MORE turbulence may continue to linger in the country’s economy, as it losses over N534 billion revenue a year to the inefficiency of the power sector, Managing Director, Seplat Petroleum Development Company, Dr. Austin Avuru, said yesterday.
This was even as he identified a huge deficit of about N356bn incurred from debts owed banks by the Generating Companies, GENCOs, in the third quarter of 2016. This was disclosed at the 7th Emmanuel Egbogah Legacy Lecture Series, themed: Nigeria Petroleum Industry: The dawn of a new era. According to the Seplat boss, Nigeria continues to lag behind in its electricity consumption despite its huge proven gas reserves estimated at 192 Trillion Cubic Feet, TCF. His words: “If you look at our power sector, especially in relation to gas, there is infrastructure deficit.
The Distribution, DISCOs network is just about 20 per cent of what it should be, even on Transmission, TCN, it is 10 per cent loss on the grid, while distribution is about 50 per cent loss on the grid. “We have 4gigawatts, GW, generation versus an installed generation capacity of 12GW. We have huge gas resources stranded in the Niger -Delta.
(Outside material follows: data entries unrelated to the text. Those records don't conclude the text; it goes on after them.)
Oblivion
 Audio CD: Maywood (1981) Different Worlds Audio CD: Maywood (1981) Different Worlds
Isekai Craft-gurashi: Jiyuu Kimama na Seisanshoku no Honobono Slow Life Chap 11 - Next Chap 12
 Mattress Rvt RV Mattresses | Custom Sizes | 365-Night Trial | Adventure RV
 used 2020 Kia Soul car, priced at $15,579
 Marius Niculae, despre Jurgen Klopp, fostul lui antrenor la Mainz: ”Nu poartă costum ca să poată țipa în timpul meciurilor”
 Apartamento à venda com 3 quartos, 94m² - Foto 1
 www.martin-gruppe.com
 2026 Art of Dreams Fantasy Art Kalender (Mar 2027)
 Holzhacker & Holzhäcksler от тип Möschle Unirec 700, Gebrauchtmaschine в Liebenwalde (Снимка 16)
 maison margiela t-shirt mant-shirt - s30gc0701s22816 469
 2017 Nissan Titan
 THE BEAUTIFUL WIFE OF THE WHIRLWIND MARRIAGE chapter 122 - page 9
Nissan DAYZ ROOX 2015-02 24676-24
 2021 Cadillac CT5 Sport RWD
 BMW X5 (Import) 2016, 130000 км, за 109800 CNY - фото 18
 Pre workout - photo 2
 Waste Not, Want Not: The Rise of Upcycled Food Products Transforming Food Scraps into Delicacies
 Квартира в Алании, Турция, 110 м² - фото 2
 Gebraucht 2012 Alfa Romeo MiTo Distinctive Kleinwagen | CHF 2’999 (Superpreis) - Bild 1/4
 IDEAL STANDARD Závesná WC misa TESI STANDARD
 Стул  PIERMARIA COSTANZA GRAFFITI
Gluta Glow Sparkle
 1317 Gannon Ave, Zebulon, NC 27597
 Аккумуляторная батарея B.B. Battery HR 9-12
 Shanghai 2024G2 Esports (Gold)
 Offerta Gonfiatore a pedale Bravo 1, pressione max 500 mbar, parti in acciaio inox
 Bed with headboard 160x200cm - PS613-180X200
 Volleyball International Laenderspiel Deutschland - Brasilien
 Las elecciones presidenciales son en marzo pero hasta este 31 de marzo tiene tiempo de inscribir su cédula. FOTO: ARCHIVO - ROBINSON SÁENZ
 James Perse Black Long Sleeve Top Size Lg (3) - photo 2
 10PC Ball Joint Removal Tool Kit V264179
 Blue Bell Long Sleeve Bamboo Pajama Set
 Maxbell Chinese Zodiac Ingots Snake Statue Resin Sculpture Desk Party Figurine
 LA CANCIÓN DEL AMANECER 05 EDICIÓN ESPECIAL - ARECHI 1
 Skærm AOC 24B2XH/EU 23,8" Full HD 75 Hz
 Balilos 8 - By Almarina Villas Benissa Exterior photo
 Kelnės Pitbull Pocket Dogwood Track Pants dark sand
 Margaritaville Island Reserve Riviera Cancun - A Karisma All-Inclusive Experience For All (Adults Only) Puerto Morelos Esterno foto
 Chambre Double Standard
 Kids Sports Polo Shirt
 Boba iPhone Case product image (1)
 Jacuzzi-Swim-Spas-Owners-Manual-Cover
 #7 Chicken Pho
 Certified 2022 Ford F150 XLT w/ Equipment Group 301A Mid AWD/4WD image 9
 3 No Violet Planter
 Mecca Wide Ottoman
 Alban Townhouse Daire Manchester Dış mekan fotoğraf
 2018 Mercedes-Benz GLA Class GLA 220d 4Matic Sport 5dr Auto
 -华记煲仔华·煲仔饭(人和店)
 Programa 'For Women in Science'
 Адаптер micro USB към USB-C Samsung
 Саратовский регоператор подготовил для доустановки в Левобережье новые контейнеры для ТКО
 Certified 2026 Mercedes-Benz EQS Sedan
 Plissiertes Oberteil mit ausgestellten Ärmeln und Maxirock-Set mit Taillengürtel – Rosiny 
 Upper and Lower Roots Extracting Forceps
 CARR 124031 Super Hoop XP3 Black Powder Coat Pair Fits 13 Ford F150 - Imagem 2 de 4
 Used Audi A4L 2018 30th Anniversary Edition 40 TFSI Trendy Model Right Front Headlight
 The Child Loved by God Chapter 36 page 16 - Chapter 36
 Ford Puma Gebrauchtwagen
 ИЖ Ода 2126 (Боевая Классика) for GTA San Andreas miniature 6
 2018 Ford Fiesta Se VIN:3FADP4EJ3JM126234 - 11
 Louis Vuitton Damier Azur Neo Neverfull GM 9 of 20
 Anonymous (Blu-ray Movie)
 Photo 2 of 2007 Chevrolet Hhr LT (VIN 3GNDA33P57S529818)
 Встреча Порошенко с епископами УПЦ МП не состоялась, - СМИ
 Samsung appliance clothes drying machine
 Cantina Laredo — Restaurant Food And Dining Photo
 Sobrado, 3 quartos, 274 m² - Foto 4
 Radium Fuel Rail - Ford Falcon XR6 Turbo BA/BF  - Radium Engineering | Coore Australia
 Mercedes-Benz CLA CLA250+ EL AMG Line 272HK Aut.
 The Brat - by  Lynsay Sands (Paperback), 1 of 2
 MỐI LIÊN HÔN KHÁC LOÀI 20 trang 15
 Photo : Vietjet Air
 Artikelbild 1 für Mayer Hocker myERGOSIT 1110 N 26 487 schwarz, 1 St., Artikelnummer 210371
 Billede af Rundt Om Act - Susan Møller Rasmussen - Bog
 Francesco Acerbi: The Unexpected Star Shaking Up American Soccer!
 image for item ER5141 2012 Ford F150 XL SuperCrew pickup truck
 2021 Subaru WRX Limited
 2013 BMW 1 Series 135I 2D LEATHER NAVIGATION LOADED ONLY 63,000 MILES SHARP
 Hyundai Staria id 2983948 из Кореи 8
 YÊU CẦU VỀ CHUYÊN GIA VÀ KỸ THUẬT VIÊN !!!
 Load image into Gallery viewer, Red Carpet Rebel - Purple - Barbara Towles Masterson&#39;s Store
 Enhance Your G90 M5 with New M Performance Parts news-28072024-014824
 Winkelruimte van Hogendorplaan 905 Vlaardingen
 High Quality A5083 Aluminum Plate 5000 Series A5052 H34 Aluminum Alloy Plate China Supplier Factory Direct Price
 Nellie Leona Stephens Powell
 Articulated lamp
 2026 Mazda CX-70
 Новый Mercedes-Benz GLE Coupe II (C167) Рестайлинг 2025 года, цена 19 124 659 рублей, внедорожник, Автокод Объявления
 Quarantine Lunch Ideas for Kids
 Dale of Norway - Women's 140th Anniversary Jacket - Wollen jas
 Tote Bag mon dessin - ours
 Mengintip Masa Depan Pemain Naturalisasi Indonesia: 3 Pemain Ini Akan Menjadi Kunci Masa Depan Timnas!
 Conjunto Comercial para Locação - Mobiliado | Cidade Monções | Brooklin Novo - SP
The generating companies today are indebted to banks to the tune of N356bn. Over half a trillion naira, N534bn revenue was lost by the power sector in 2016. As I said earlier, 50 per cent of the power generated is lost in distribution. “Consumers owe almost half a trillion naira. Between 2015 and 2017 alone, we created a liquidity gap that is almost $3bn coming largely from a tariff that is inadequate and losses that are as high as 50 per cent.” Among other challenging issues he identified are low domestication of gas resources, ailing power sector and abysmal level of domestic refining.
On regulatory challenges, Avuru noted that “Between 2015 – 2017, 18 months of regulatory lacuna disorganised the power sector reform program: created operational indiscipline, truncated MYTO, created a huge liquidity gap of over N1 trillion. The mess is now difficult to reverse, ineffectiveness of the Nigeria Electricity Regulatory Commission, NERC, fostered by a vacuum in the position of Chairman since December 2015.” In the petroleum sector, he attributed the current downturn in Nigeria to weak regulation, saying, “strong regulation is imperative to recover losses incurred over the past and then puts the industry in a better light that would attract investors as well as best practices.” He added that oil price collapse and conservative long term views present a compelling case for Nigeria to optimise domestic utilisation of hydrocarbon resources.
“Oil and gas sector still expected to play a major role in revamping the economy through restoring oil production and gas revolution, among other aspirations in the 7 Big Wins and ERGP” He further noted that critical to achieving long term sustainability in both the petroleum and power industry involves capacity building: Human Capital, technological development and effective regulation. Speaking also, a petroleum economist and the Director of Emerald Energy Institute in Port-Harcourt, Pro. Wumi Iledare, argued that the sector is in dire need of sustainable institutions to fight the dearth that has crunched the industry.
He said, “We have laws and policies to drive a sustainable industry. Unless the institutions are been strengthened to its full capacity, such as the research and development, petroleum institutions, etc., these policies will remain vague in operation as thereby, weakening the country’s economy.” On his part, Managing Director of Niger Delta Exploration and Production (NDEP) Plc, Mr. Layi Fatona, called for the development of indigenous operators in the petroleum industry. He added that the sector development is bench- marked on indigenous participation. He, however, called for discipline on its practice in the industry as well as compliance on laid down rules, so as to discourage wrong practices from expatriates, International Oil Companies, IOC.